Members of the Editorial Board and experts who have previously acted as external reviewers for the journal may submit their own articles to the journal. In such cases, other reviewers who are not associated with the submission will conduct the peer review of the article. In these instances, authors must also submit a declaration of conflicting interests.

Prior Publication

In general, the journal does not accept articles that have been previously published elsewhere. However, there are circumstances where an article that has already been published may be considered for publication. Manuscripts based on papers that have been presented at conferences, as well as articles that have been distributed through informal communication channels may be considered for publication, provided that authors continue to retain the rights to their submission. If you have questions regarding prior publication, please contact the journal’s Managing Editor.

Post-publication discussions and corrections

All articles are sent back to the authors after being sent to our English language editor for a final check. At this point, authors are able to make any necessary final changes. This process should ensure that there are no errors in the content of an article once it is published. Post-publication corrections to the article are not permitted unless in exceptional circumstances. If an error is discovered in a published article, the journal’s editor will assess whether a correction is necessary.
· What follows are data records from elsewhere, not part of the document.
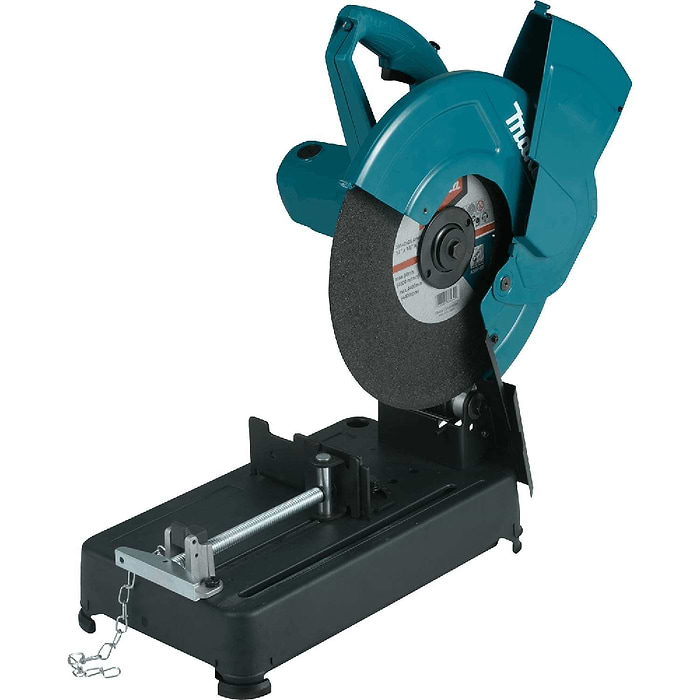 מסור שורף חשמלי  14 הספק 2200W עומק חיתוך 127 ממ LW1401 Makita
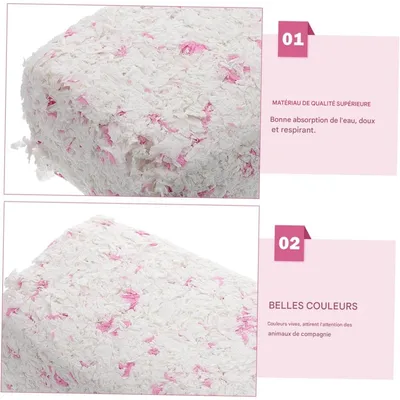 ZooVenture Tapis d'entraînement pour hamsters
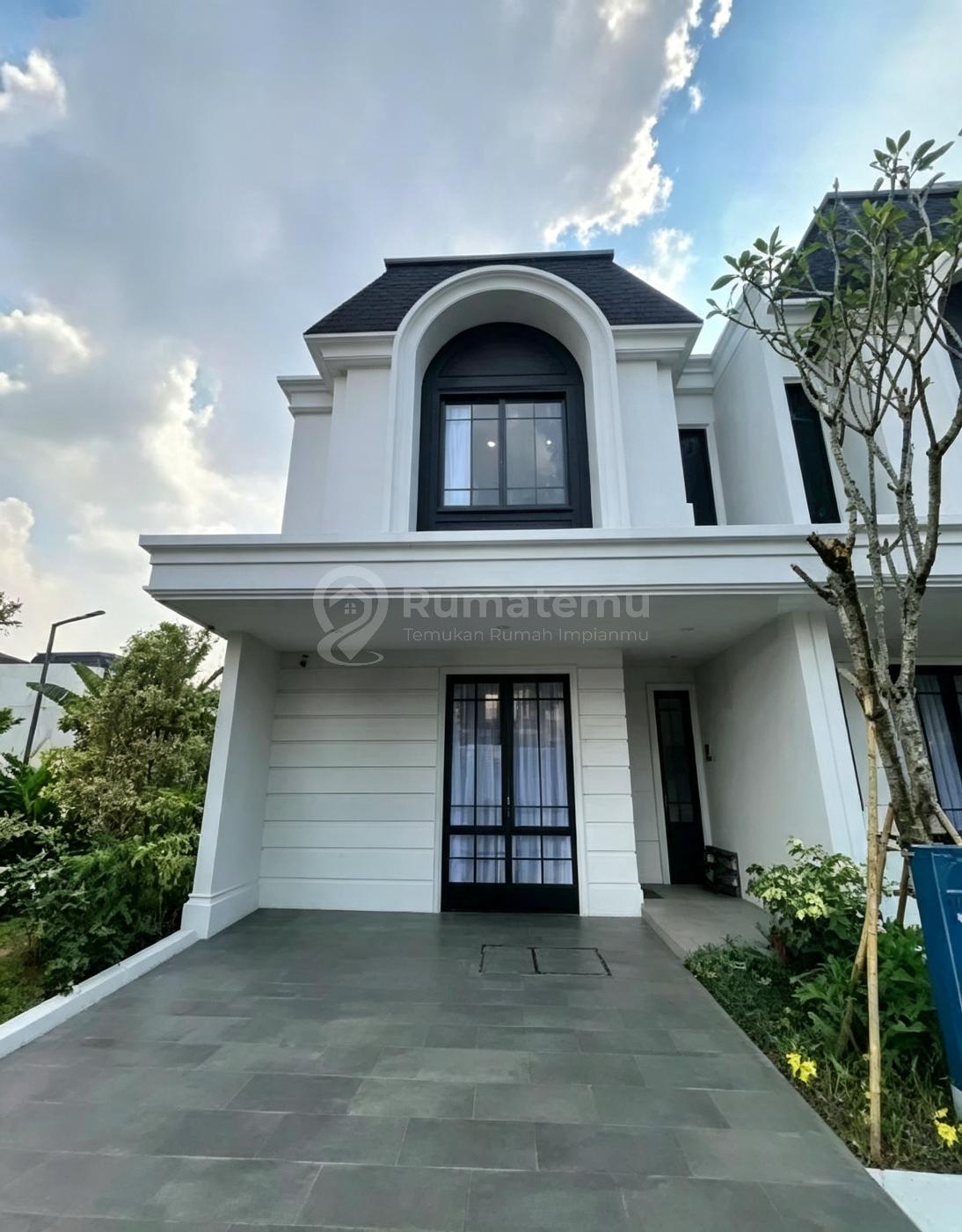 Dijual Rumah Siap Huni Dp 0% Bintaro Tangerang Selatan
In cases where a correction is granted, a correction notice will be issued to indicate which elements or parts of the article have been corrected.
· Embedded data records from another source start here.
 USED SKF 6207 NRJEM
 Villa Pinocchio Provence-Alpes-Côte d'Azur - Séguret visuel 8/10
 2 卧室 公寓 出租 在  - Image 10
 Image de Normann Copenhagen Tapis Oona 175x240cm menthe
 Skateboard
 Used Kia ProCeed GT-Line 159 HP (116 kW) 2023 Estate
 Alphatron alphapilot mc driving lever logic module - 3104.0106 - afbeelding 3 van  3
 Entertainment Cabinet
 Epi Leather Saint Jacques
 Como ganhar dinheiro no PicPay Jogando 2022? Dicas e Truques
In accordance with the COPE guidelines, the journal will consider retracting publications if:

  • They have clear evidence that the findings are unreliable, either as a result of major error (eg, miscalculation or experimental error), or as a result of fabrication (eg, of data) or falsification (eg, image manipulation)
  • It constitutes plagiarism
  • The findings have previously been published elsewhere without proper attribution to previous sources or disclosure to the journal, permission to republish, or justification (ie, cases of redundant publication)
  • It contains material or data without authorisation for use
  • Copyright has been infringed or there is some other serious legal issue (eg, libel, privacy)
  • It reports unethical research
  • It has been published solely on the basis of a compromised or manipulated peer review process
  • The author(s) failed to disclose a major competing interest that, in the view of the journal, would have unduly affected interpretations of the work or recommendations by editors and peer reviewers.

In case of a retraction, the original article will remain available to readers, but a notice on the article’s page will show that the original article has been retracted. Furthermore, the reason for the retraction will be stated. This ensures that the integrity and transparency of the academic record is maintained. The final decision on retracting an article will be made by the editor-in-chief.
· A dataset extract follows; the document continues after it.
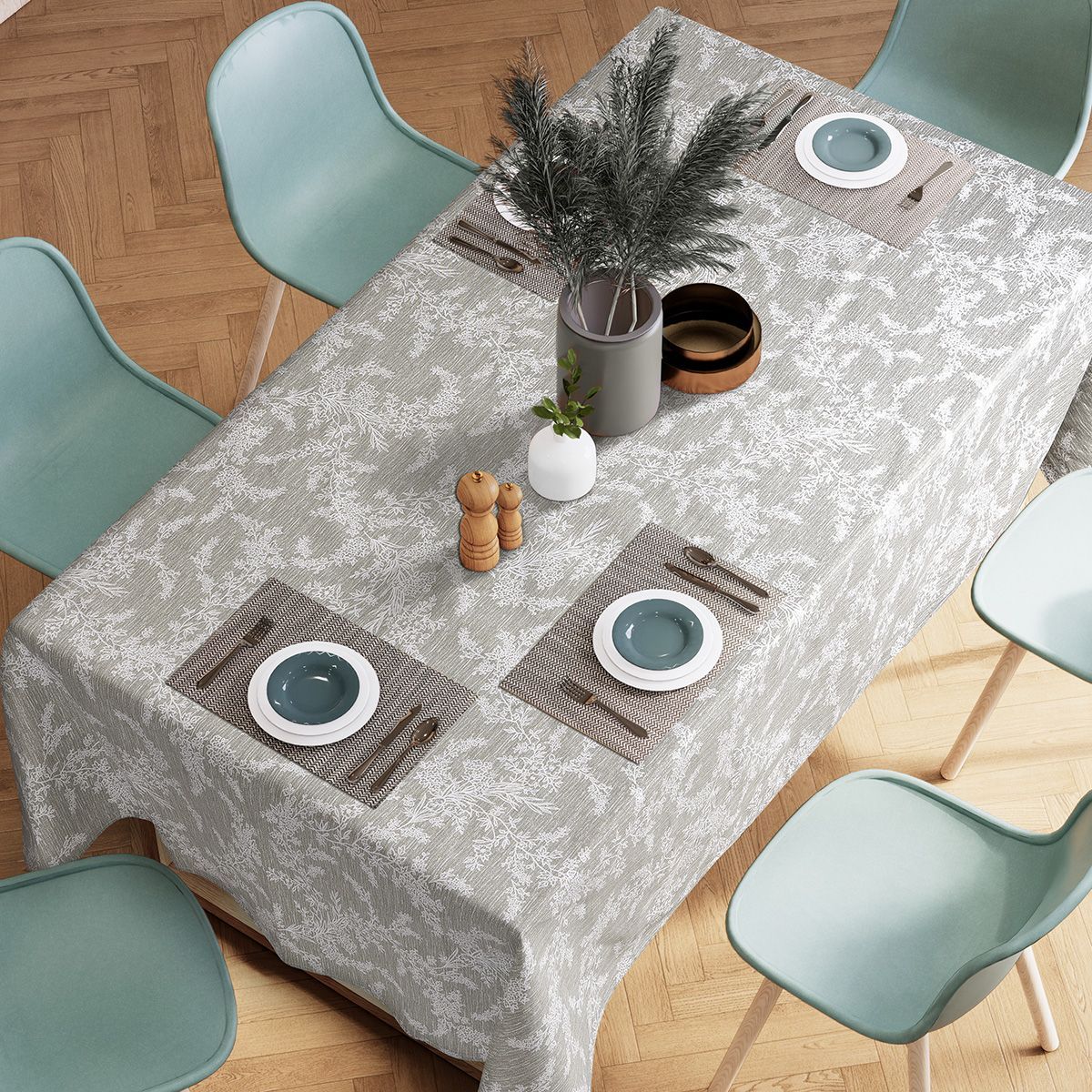 Beauty Home Τραπεζομάντηλο Top Art 8480 Εμπριμέ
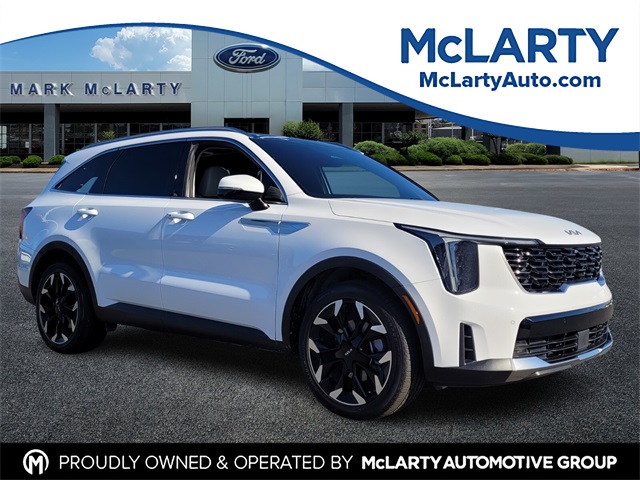 2025 Kia Sorento EX FWD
For other questions regarding post-publication corrections and retractions, as well as requests to engage in post-publication discussions, authors should contact the Managing Editor of the journal.


Security and Human Rights is an open access journal that provides immediate open access to its content. There are no fees payable to submit or publish in this journal.


In the event the Security and Human Rights Journal ceases to be published, access to journal content will be made available through the Netherlands Helsinki Committee (NHC).

Revenue Sources

The SHRM is administered under the auspices of the Netherlands Helsinki Committee (NHC) and is made possible through the generous financial support of the governments of Austria, Liechtenstein, and the Netherlands.

The journal was previously published and hosted by the Brill publishing house. Security and Human Rights now finds its permanent home here, with archival volumes and future publications in full open access.